Inhalt
Anne (Olivia Colman) ist in großer Sorge um ihren Vater Anthony (Anthony Hopkins). Als lebenserfahrener, stolzer Mann, lehnt er trotz seines hohen Alters jede Unterstützung durch eine Pflegekraft ab und weigert sich standhaft, seine komfortable Londoner Wohnung zu verlassen. Obwohl ihn sein Gedächtnis immer häufiger im Stich lässt, ist er davon überzeugt, auch weiterhin allein zurechtzukommen. Doch als Anne ihm plötzlich eröffnet, dass sie zu ihrem neuen Freund nach Paris ziehen wird, ist er verwirrt. Wer ist dann dieser Fremde in seinem Wohnzimmer, der vorgibt, seit über zehn Jahren mit Anne verheiratet zu sein? Und warum behauptet dieser Mann, dass Anthony als Gast in ihrer Wohnung lebt und gar nicht in seinem eigenen Apartment? Anthony versucht, die sich permanent verändernden Umstände zu begreifen und beginnt mehr und mehr zu zweifeln: an seinen Liebsten, an seinem Verstand und schließlich auch seiner eigenen Wahrnehmung.
Kritik
Filme, die eine Demenzerkrankung thematisieren, mag es schon einige gegeben haben, von Dramen wie Still Alice bis hin zu Horrorfilmen wie Relic, dennoch ist ein doch so wichtiges Thema im Mainstreambereich noch recht unterrepräsentiert. Mit seinem Regiedebüt The Father liefert Florian Zeller nun einen weiteren Beitrag. Dazu adaptierte er sein eigenes gleichnamiges Theaterstück, das 2012 in Paris Premiere feierte und seitdem in weiten Teilen der Welt aufgeführt wurde.

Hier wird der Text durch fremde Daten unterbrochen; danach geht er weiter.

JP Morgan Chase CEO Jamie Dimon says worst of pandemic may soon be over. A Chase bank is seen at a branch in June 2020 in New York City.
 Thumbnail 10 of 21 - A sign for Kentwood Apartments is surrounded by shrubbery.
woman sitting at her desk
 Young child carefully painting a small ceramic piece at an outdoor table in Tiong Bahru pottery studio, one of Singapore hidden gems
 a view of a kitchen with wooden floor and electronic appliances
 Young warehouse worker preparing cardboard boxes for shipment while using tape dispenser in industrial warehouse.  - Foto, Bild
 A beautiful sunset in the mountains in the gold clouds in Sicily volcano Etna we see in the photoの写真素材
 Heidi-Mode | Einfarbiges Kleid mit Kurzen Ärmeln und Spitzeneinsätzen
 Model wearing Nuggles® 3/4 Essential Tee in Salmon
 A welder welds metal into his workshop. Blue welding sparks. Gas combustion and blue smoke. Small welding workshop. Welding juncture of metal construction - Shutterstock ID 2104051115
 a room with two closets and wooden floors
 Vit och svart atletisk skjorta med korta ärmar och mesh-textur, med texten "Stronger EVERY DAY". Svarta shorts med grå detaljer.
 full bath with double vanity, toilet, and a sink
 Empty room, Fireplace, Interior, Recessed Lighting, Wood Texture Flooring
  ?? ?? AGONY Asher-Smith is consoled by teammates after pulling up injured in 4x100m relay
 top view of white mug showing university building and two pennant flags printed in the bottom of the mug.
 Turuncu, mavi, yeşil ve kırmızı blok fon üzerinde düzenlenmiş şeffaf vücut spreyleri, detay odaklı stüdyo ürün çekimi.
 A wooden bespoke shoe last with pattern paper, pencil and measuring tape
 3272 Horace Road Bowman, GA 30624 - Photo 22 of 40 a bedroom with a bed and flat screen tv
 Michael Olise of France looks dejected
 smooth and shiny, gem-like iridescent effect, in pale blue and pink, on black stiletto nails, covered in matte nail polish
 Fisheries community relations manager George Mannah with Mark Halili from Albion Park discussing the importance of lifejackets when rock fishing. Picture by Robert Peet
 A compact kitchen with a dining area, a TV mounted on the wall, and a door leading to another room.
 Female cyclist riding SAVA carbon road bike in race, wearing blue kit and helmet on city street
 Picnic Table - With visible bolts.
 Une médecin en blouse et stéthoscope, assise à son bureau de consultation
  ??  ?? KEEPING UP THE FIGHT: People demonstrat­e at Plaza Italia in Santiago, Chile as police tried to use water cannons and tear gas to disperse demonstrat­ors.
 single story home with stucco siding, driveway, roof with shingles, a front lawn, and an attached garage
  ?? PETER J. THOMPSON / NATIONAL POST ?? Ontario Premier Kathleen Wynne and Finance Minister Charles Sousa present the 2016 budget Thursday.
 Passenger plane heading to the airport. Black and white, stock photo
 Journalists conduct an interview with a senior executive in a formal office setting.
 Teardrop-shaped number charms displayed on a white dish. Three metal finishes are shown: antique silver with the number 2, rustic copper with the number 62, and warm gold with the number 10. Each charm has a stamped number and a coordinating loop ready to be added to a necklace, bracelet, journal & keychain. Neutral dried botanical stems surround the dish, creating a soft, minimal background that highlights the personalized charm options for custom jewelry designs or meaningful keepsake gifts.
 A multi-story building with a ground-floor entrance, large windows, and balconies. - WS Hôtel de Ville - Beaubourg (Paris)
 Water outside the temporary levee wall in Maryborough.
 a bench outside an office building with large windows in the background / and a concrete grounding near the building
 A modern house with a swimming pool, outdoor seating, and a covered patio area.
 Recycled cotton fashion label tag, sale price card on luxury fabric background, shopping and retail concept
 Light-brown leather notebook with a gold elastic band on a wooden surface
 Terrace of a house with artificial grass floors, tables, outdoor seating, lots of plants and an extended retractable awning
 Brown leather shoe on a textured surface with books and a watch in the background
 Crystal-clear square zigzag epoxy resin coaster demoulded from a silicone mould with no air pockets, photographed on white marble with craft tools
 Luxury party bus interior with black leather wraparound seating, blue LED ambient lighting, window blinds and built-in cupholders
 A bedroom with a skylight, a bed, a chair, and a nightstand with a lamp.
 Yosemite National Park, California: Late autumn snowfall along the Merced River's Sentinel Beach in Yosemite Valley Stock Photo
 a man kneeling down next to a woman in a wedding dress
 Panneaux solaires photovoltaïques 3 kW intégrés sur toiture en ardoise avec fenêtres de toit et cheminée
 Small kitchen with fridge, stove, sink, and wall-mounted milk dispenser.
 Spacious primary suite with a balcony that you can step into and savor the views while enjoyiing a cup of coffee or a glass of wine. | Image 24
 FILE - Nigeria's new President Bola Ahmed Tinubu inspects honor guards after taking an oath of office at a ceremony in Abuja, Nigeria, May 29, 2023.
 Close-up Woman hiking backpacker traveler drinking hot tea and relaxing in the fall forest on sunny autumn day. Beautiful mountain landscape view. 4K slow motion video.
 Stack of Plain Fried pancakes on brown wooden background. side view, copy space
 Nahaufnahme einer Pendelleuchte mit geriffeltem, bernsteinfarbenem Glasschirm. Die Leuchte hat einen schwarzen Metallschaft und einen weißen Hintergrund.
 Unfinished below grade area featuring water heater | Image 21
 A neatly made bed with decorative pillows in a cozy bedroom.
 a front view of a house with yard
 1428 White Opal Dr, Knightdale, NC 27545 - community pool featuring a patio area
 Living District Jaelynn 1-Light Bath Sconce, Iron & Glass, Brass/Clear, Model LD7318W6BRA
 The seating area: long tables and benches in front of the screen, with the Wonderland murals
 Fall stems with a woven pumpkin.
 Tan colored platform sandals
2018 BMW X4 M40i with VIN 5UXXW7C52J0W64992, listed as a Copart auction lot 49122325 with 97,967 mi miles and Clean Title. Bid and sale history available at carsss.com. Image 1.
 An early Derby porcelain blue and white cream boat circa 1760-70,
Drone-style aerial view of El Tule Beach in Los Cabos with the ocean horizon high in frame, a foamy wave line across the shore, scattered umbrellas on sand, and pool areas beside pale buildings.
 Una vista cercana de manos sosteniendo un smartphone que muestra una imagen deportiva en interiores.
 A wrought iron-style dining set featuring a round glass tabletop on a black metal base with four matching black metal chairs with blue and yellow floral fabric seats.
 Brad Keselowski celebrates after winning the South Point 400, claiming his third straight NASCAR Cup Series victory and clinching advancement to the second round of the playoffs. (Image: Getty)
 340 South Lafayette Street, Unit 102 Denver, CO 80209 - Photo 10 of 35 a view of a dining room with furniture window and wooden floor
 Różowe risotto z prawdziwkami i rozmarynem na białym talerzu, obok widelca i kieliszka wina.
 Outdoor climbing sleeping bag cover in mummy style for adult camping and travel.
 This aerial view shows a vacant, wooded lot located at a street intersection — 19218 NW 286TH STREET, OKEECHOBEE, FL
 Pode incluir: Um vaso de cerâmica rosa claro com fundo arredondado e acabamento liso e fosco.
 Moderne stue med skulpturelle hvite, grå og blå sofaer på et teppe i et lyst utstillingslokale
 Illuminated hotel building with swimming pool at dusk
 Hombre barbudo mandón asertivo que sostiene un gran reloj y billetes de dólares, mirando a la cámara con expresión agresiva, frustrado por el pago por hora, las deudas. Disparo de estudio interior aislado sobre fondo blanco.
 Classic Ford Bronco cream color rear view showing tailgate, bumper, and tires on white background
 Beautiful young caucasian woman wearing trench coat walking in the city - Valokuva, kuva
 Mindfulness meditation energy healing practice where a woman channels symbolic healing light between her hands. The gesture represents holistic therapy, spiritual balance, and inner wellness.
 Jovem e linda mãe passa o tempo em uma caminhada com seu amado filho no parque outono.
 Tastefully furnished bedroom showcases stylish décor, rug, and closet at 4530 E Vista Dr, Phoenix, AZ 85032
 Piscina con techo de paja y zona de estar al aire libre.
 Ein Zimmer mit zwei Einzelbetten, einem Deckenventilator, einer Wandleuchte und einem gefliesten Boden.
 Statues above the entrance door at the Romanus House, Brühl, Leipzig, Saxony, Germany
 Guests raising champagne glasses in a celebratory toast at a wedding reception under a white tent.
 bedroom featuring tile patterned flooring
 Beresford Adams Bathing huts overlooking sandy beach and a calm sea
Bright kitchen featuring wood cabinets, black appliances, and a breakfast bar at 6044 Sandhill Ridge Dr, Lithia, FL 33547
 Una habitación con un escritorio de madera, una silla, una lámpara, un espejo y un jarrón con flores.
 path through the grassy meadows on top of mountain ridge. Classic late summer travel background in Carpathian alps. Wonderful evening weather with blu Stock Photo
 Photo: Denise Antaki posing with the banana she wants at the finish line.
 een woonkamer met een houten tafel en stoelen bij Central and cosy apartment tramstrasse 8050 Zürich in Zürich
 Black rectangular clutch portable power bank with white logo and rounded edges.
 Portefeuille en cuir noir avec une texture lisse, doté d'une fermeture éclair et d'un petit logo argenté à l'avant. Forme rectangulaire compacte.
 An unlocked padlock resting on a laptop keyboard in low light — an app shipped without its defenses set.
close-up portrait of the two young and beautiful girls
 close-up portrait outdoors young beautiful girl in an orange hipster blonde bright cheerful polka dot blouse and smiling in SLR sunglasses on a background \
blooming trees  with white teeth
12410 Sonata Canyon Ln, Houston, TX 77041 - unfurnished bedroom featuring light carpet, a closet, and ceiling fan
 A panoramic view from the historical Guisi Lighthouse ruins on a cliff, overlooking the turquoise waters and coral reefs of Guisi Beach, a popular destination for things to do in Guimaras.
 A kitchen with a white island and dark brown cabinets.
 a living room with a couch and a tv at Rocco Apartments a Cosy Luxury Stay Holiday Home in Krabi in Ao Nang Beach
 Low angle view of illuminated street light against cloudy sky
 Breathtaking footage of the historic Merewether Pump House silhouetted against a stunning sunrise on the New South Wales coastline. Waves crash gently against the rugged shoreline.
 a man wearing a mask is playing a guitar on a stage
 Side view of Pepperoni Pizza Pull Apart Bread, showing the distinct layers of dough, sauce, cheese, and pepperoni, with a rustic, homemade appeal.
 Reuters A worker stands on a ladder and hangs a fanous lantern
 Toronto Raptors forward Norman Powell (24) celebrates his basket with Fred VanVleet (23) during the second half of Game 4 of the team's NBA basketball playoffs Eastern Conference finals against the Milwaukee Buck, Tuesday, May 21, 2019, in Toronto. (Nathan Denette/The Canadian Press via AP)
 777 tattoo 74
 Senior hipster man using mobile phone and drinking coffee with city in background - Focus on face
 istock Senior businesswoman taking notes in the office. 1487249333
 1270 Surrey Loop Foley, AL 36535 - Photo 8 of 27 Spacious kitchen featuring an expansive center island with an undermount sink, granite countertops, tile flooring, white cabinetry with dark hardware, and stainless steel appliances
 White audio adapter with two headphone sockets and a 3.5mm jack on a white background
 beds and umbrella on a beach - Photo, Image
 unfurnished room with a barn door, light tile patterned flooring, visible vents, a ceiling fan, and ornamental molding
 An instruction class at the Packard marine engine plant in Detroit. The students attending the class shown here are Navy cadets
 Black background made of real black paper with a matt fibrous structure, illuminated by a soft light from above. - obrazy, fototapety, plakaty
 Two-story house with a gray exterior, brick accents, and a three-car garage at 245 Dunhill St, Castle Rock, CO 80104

Um den Stoff in ein neues Medium zu portieren, was mit dem 2015 erschienenen Film Floride übrigens schon einmal getan wurde, gab es Unterstützung von Christopher Hampton (Abbitte), der gemeinsam mit Zeller am Drehbuch gearbeitet hat. Die Mühe hat sich gelohnt, denn nicht nur feierte der fertige Film beim renommierten Sundance Film Festival 2020 seine Premiere, auch geht er 2021 mit stolzen sechs Nominierungen als heißer Kandidat ins Oscarrennen.
The Father handelt von einem alten Mann (Anthony Hopkins, Das Schweigen der Lämmer), der seinem eigenen Verstand nicht mehr trauen kann. Um diese furchtbare Situation wirkungsvoll zu illustrieren, bedient sich Zeller einer simplen, aber sehr cleveren Methode, die andere Filmemacher bisher weitestgehend außer Acht ließen: Statt den Zustand von außen zu betrachten, versetzt er die Zuschauer in die Lage des Erkrankten und lässt sie so den gleichen Schrecken durchleben. Wenn irgendwann ein Gefühl für räumliche und zeitliche Orientierung abhandenkommen, wenn nicht mehr klar ist, wann sich welches Ereignis wie zugetragen hat und wer all die Personen um einen herum sind, deren Rollen immer wieder wechseln und sich mit anderen Erinnerungen vermischen, ist die Verwirrung auch beim letzten Zuschauer angekommen. Die Angst und das Verlorensein, die der Erkrankte dabei in seiner eigenen Wohnung verspürt, ohne richtig verstehen zu können, was genau sich eigentlich zuträgt, ist überaus greifbar.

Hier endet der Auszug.